Published: November 29, 2002 (Issue # 824)


MOSCOW - First there was Scrooge, the Dickens character who banned holiday celebrations at work. Now there's Mayor Yury Luzhkov, Moscow's own anti-scrooge.

The Moscow mayor's love of holidays has him insisting "forcing, actually, on pain of fine" that every single shop dress itself up for this year's winter celebrations.

Long known for his passion for decorating the city streets lavishly ahead of every holiday, Luzhkov has ordered all stores, restaurants, cafes and markets to adorn their shop windows and interiors with decorations ahead of the winter holiday season, and has even given a Dec. 1 deadline to do so.

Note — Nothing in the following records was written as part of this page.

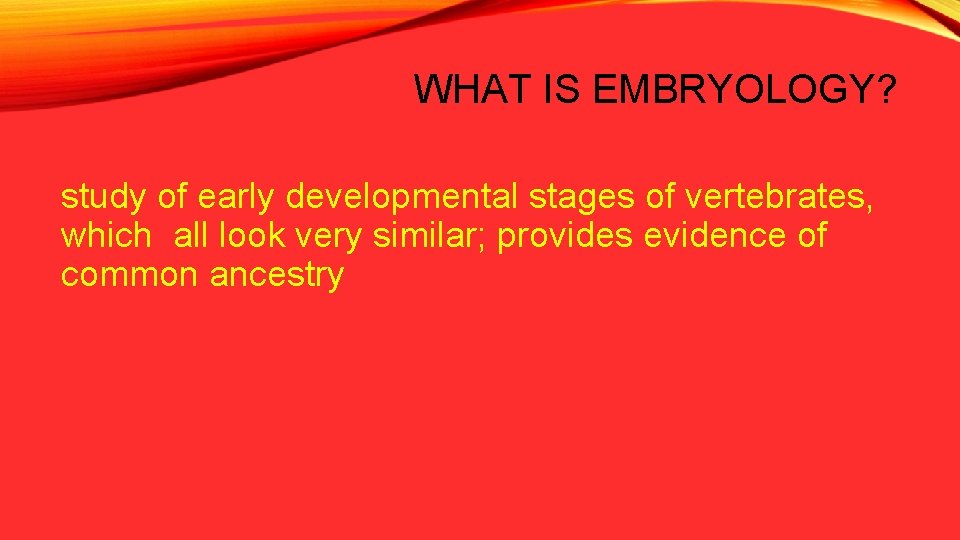 WHAT IS EMBRYOLOGY? study of early developmental stages of vertebrates, which all look very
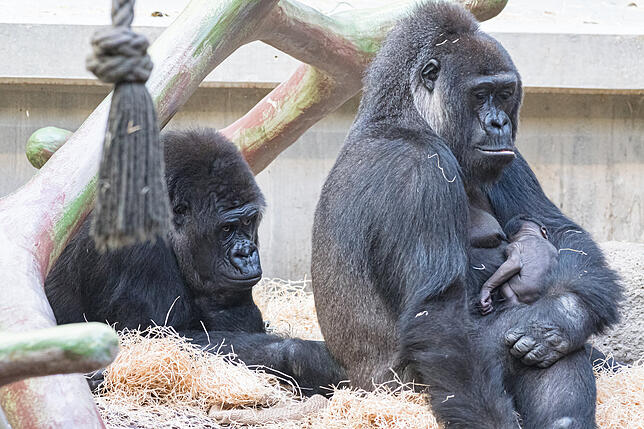 Bild 2: Nachwuchs im Zoo: So liebevoll kümmert sich Gorilla-Mama Faddama um ihr Baby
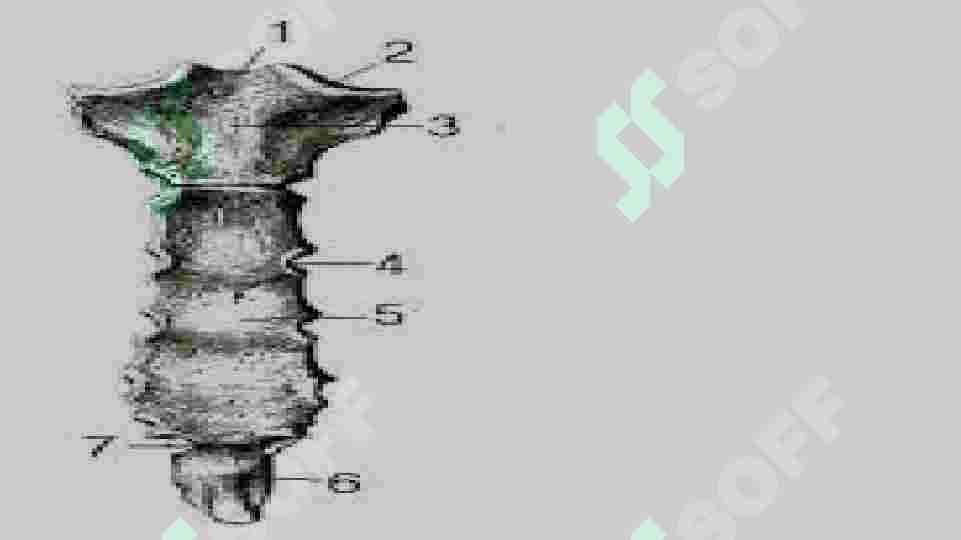 Jodugarlar porno rasmlar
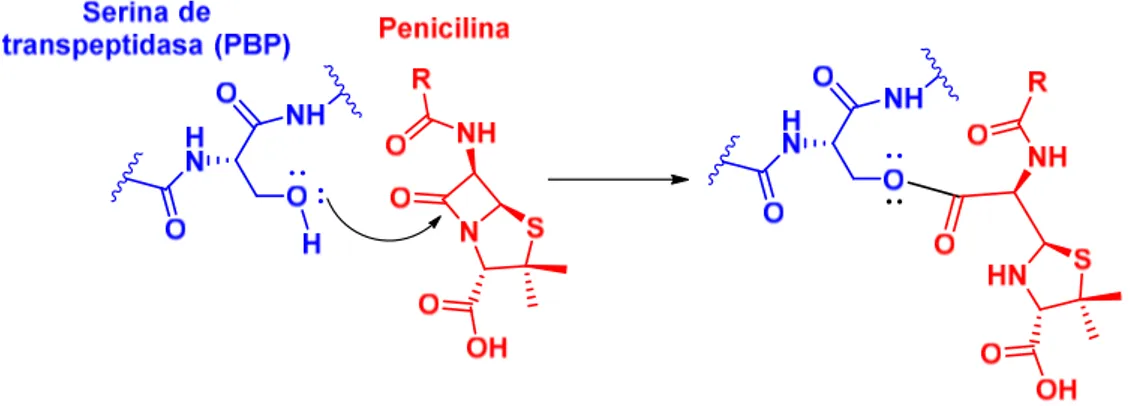 Figura 5.13. Interacción covalente de las penicilinas con las transpeptidasas  En la figura 5.14 se indican los pasos de inactivación de la PBP por la penicilina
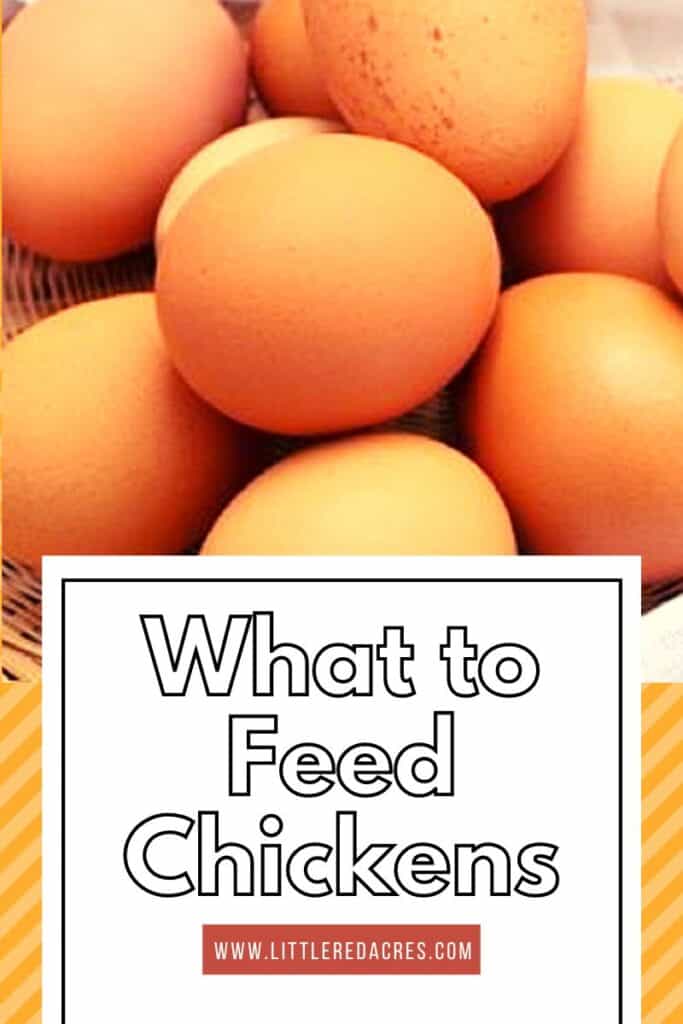 eggs with What to Feed Chickens text overlay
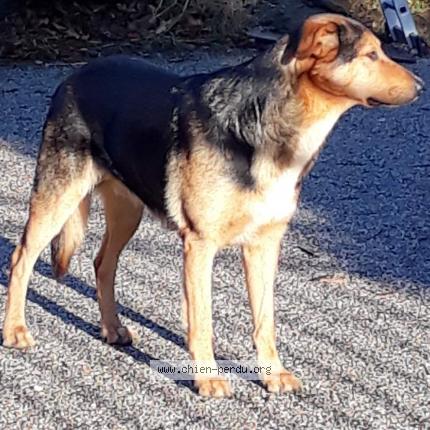 Photo de chien perdu à Preserville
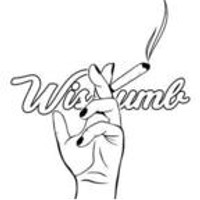 wisdumb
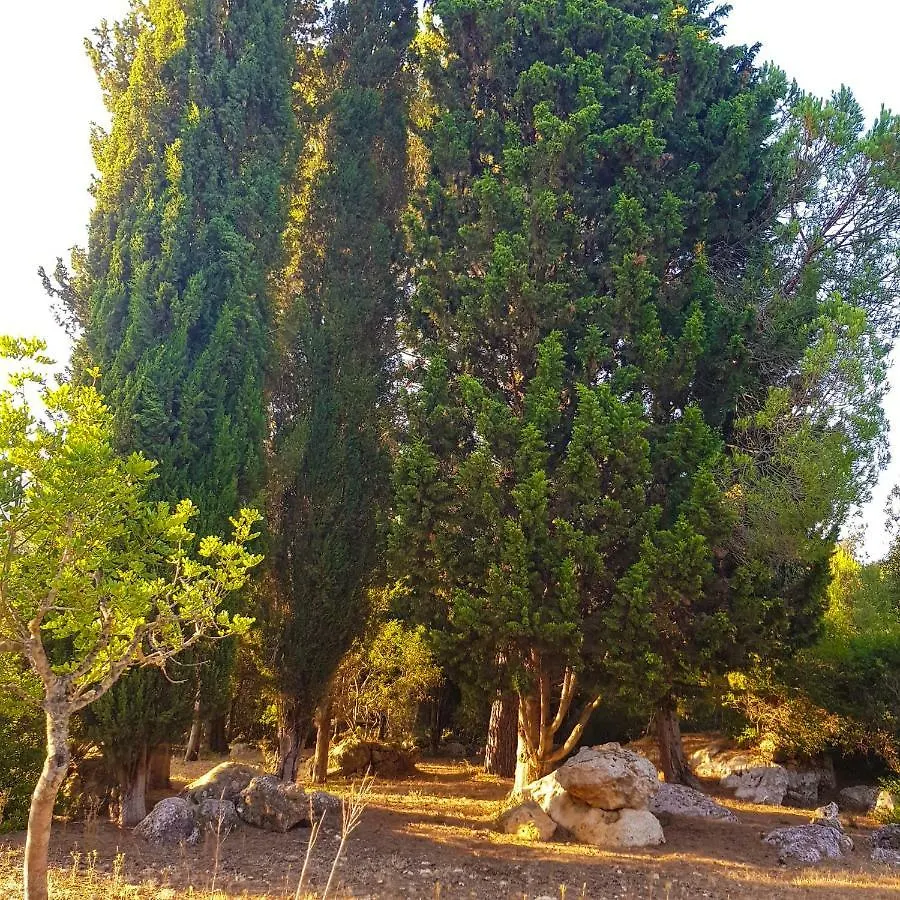 Can Company Campanet Kır Evi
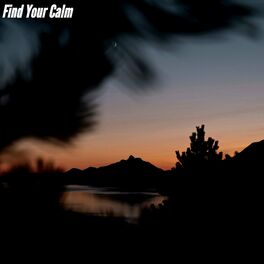 Album cover of Find Your Calm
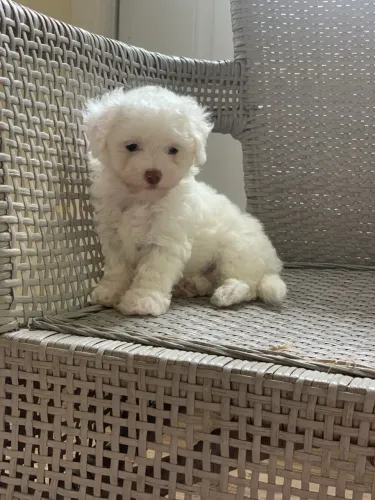 Fêmea poodle toy 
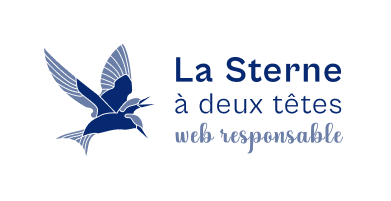 LA STERNE A DEUX TETES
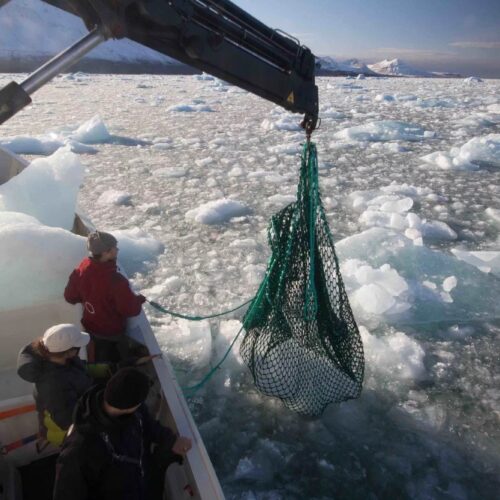 Svalbardi北極斯瓦巴蒂冰山水｜品水師嚴選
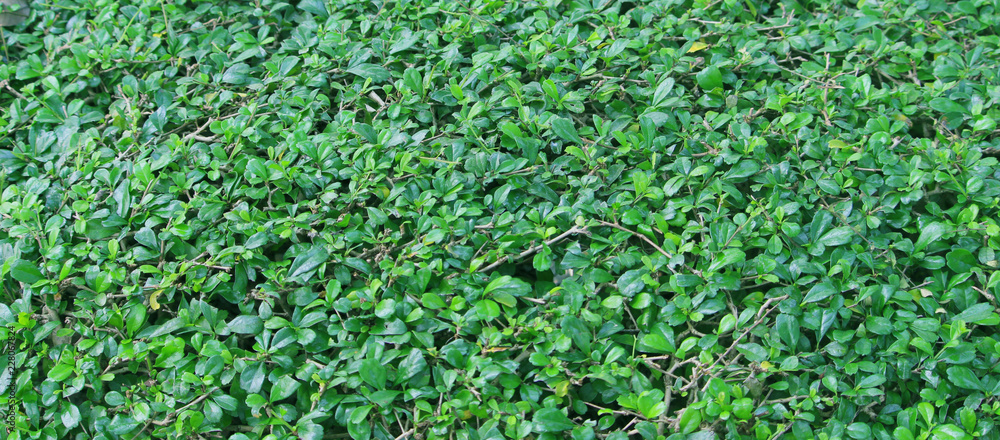 nature view of green leaf. nature view of green leaf.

Those who do not comply with the mayor's order will face fines of up to 200 rubles, Zhanna Artyomova, deputy head of City Hall's consumer-goods department, said Thursday. She said public institutions, like post offices and banks, have until Dec. 15 to put up decorations.

Artyomova said she sees nothing wrong in forcing companies to get into the holiday spirit.

"As of next week, our inspectors will be out checking whether people comply with the order," Artyomova said, adding that she does not expect many people to resist the idea of creating a festive atmosphere.

"People who, for example, operate a store, must understand that it is not their house but a kind of public place. After all, their mission is to please consumers and to keep them in good spirits," she said.

Forcing people to celebrate may be an unusual way to govern, but the Moscow mayor is not the first to try his hand at it. Peter the Great is known to have ordered everyone to have fun over the Christmas period. But the winner for drawing forced smiles and gritted teeth has to go the Chinese government, which encouraged Tibetans to take part in celebrations for the 50th anniversary of Communist rule under threat of pay and pension cuts. Luzhkov still has a long way to go.

Artyomova said the city will not impose strict guidelines for the decorations, only that they should be done in a certain style.

Tiny stores or kiosks will be not be obliged to spend a fortune on expensive trees and decorations. "Of course, everything will depend on their wallets and imagination," she said.

The city has at least one hard-and-fast rule, however. Every business must make sure its windows are illuminated from 4.30 p.m. until 1 a.m. "Those who fail to switch the lights on will be considered violators and subject to fines," Artyomova said.